Признавшему свою ценность как самостоятельного русского ума, в потенциале – славы своей земли, которой и отдал самого себя без раздумий, приходится поначалу немыслимо тяжело. С ним никто цацкаться не станет. Меценатов на таких бунтарей не напасёшься, и потому на издание своих книг он будет зарабатывать сам и только сам.

Стоит ли подобная «игра» свеч? Но разве судьба – игра?

Нам вовсе не нужна блестящая Европа. Сказать по чести, я не любитель блёсток, потому что за ними неизбежно встаёт какое-то кабаре. Европа может быть соглядатаем наших духовных усилий, но ровно напротив той роли, которую нам определила: ей бы я от всей души посоветовал слушать и услышать, что говорится в России. Русская литература воинствует за свойственное ей понимание Христа, и не видеть в себе этой цели означает презирать себя, считать себя сателлитами чуждого литературного и культурного процесса без права голоса.

Если ценности советской (а равно и русской декадентской) интеллигенции не будут превзойдены нами самими, горестной будет судьба нашего Отечества. Оно может опустеть книгами, которые мы могли бы создать, но не создали.
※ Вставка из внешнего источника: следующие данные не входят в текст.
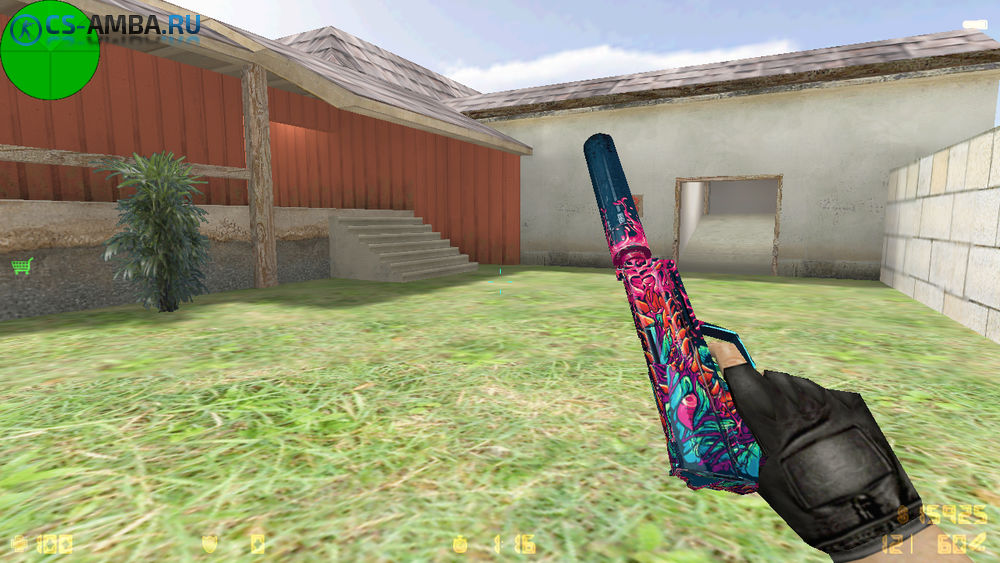 HD модель USP-S | Hyper Beast из мастерской CS:GO для CS 1.6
Особенное внимание по прошествии смутных времён вольного книгоиздания я бы лично уделил не изданному – рукописям, которые по целомудрию своих создателей, не пожелавших связываться с подтанцовками европейского бала, остались рукописями. В них, весьма вероятно, отыщутся такие же горькие истины и описания, которые тридцать лет назад нарекли «возвращённой литературой».

Так уж выходит, что литературу надо постоянно возвращать… Наверно, потому, что она, куда легче среды, в которой по действительному несчастию своему рождается, и с тем постоянно отлетает от нас. Дай Бог ей когда-нибудь вернуться к нам той же самой, что отлетела.